Exercise description
Every line of the listing below from the one with "Ethnic Chinese Colorful" up to and including the one with "Peterbilt 389 with" should be retyped exactly, and nothing else; pictures are not part of the copy.

Given entries

####################

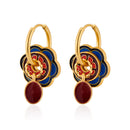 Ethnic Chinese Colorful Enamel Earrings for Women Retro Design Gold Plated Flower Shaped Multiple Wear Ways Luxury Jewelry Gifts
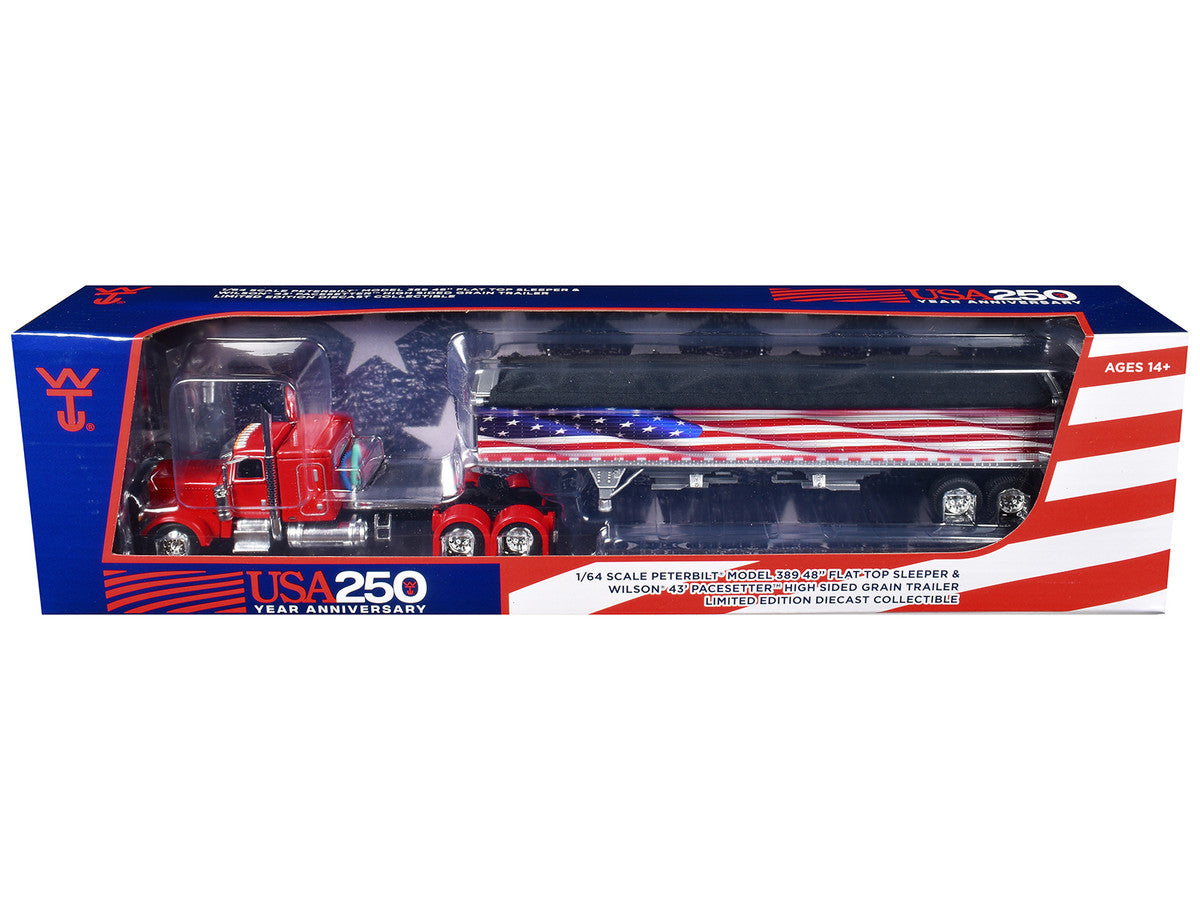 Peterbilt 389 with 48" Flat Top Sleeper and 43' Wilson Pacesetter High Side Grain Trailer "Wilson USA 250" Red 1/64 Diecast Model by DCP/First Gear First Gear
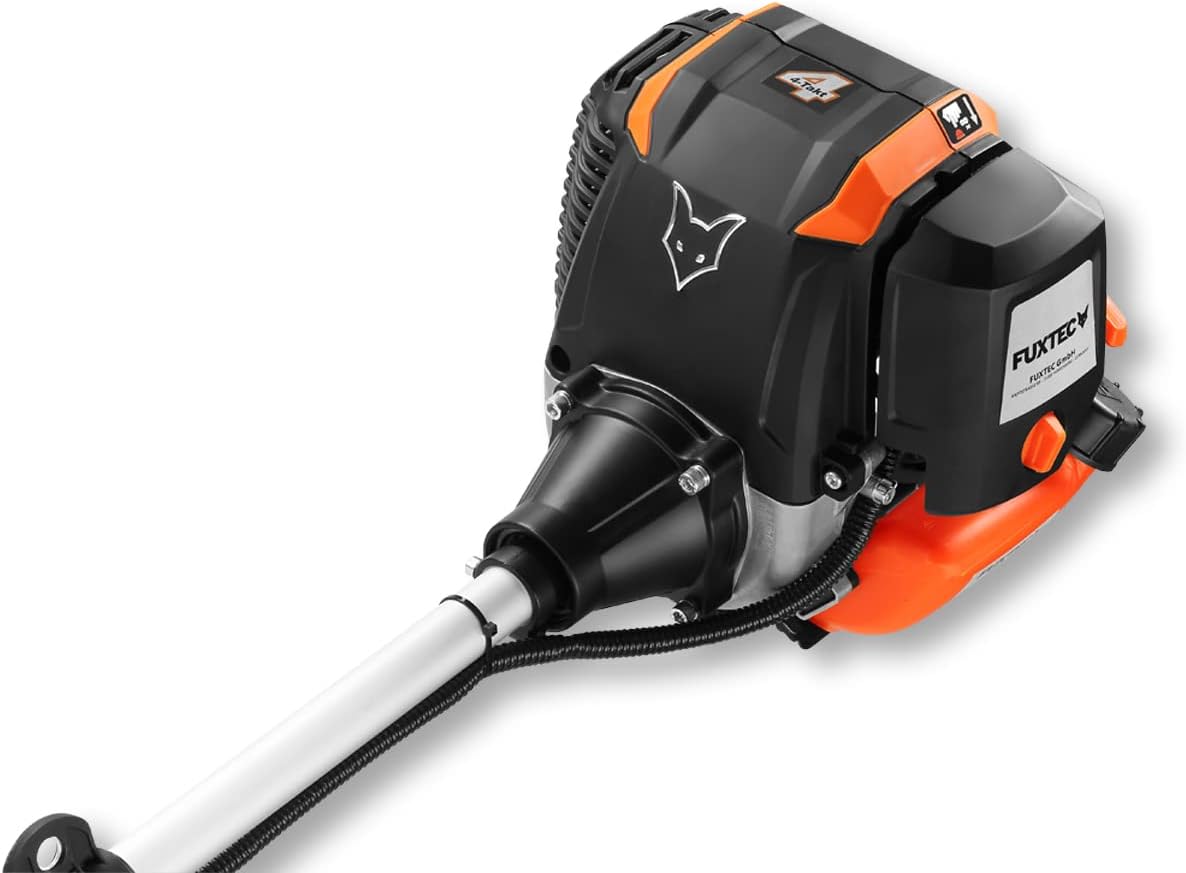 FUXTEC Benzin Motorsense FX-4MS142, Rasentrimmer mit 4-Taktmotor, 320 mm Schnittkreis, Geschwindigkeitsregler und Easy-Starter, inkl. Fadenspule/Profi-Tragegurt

####################

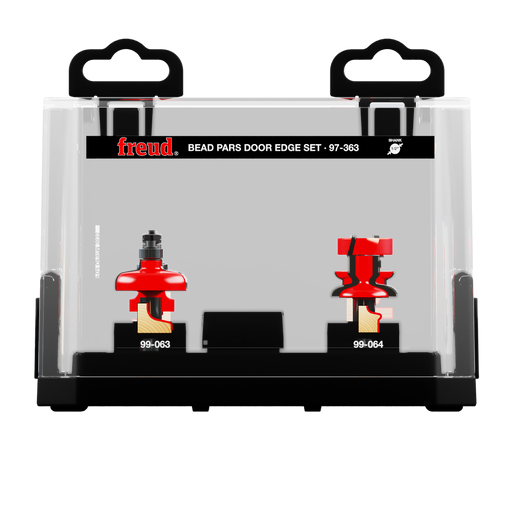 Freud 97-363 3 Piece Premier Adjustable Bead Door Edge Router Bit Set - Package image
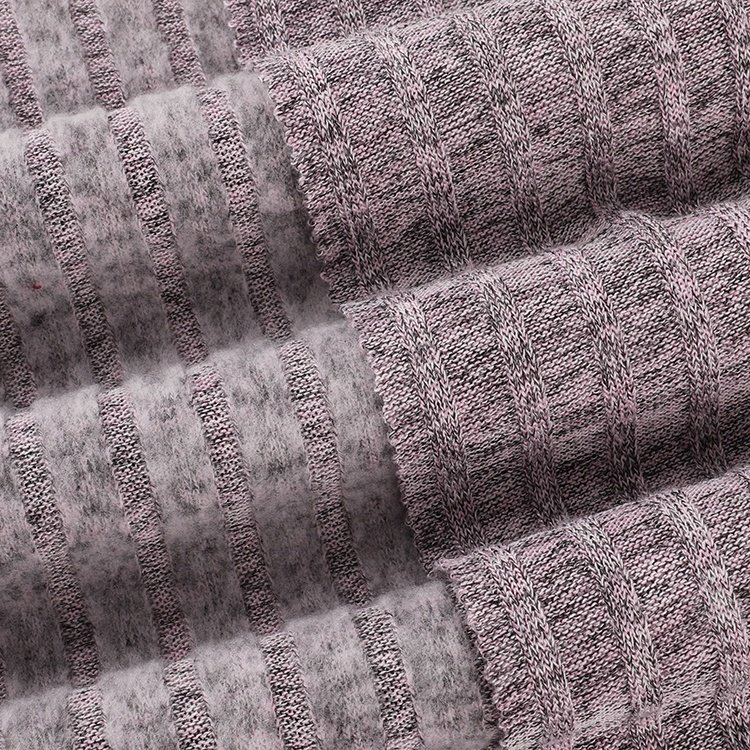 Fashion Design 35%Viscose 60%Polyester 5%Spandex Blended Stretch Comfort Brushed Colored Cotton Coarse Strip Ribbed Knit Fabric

####################

Response
 Ethnic Chinese Colorful Enamel Earrings for Women Retro Design Gold Plated Flower Shaped Multiple Wear Ways Luxury Jewelry Gifts
 Peterbilt 389 with 48" Flat Top Sleeper and 43' Wilson Pacesetter High Side Grain Trailer "Wilson USA 250" Red 1/64 Diecast Model by DCP/First Gear First Gear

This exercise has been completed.